RECORDED INFORMATION section start

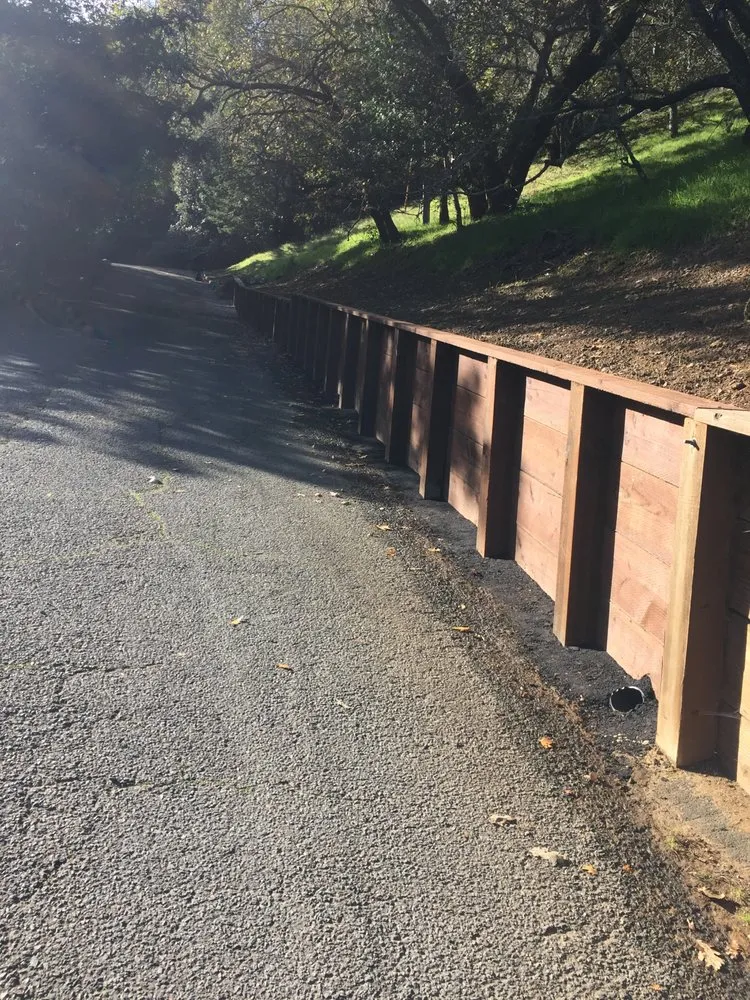 Professional yard maintenance in Santa Rosa, CA - Cascada Landscape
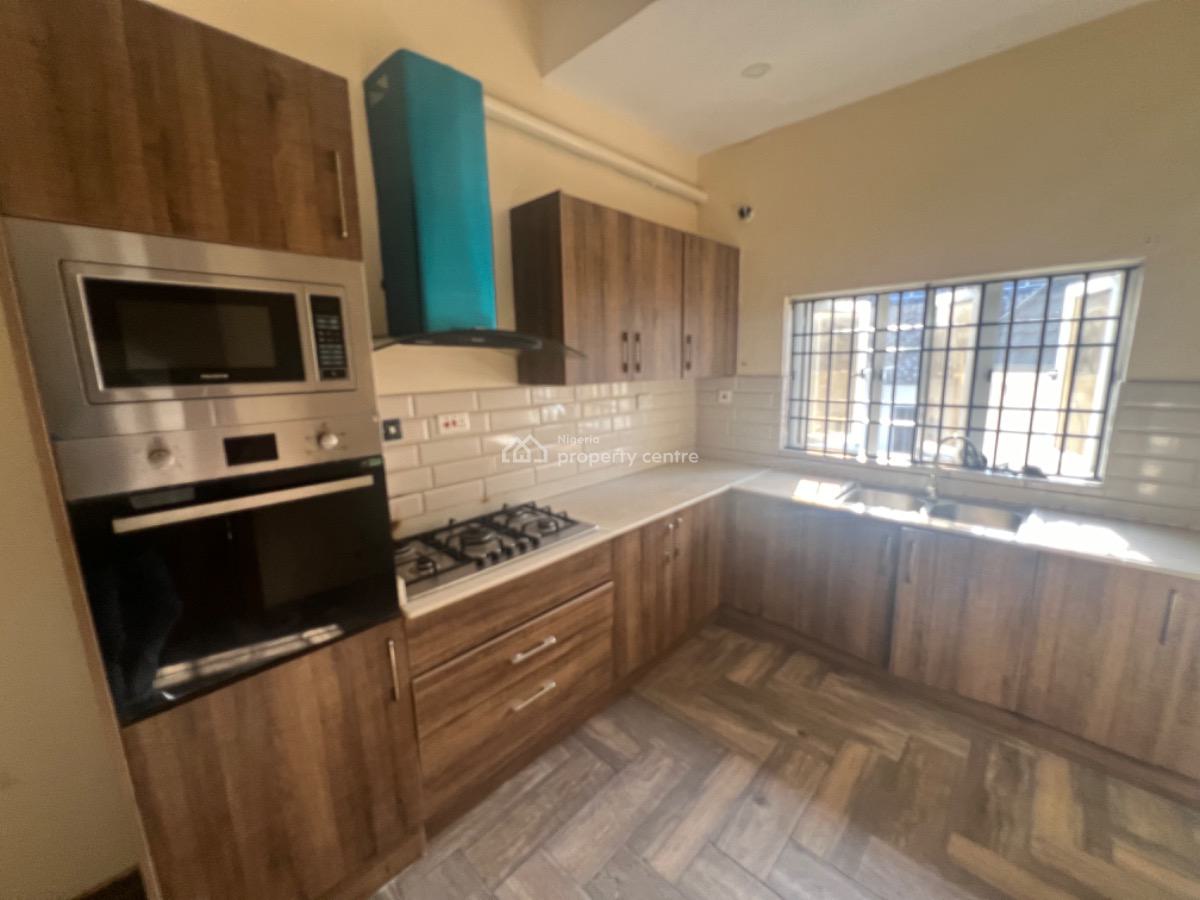 Standard 3 Bedroom Maisonette, Osapa, Lekki, Lagos, Flat / Apartment for Rent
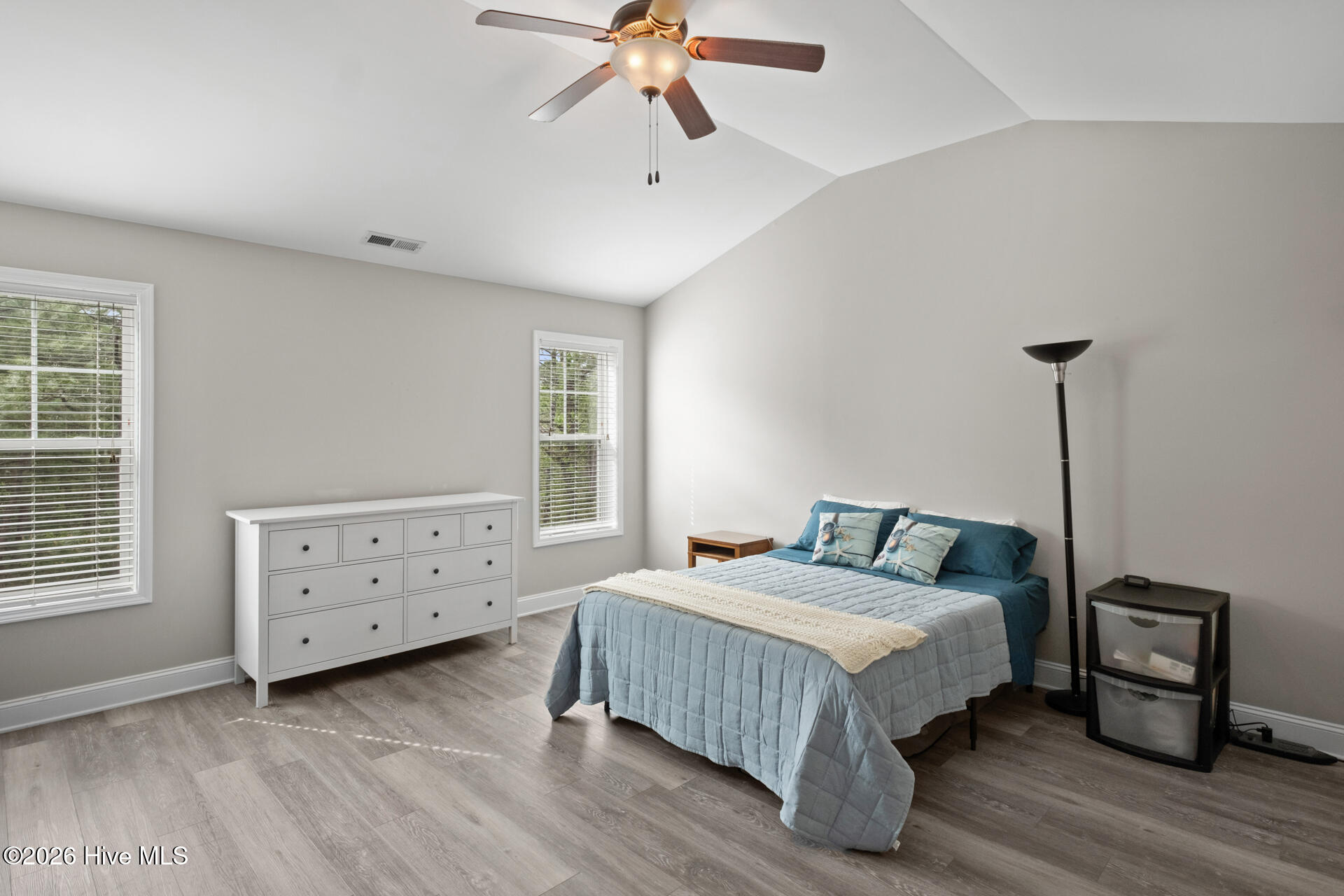 100566608 | Photo 22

RECORDED INFORMATION section end

- TASK REQUIREMENTS:
Exactly as written above, print every line of the data but not its pictures.

- ANSWER AREA:
 Professional yard maintenance in Santa Rosa, CA - Cascada Landscape
 Standard 3 Bedroom Maisonette, Osapa, Lekki, Lagos, Flat / Apartment for Rent
 100566608 | Photo 22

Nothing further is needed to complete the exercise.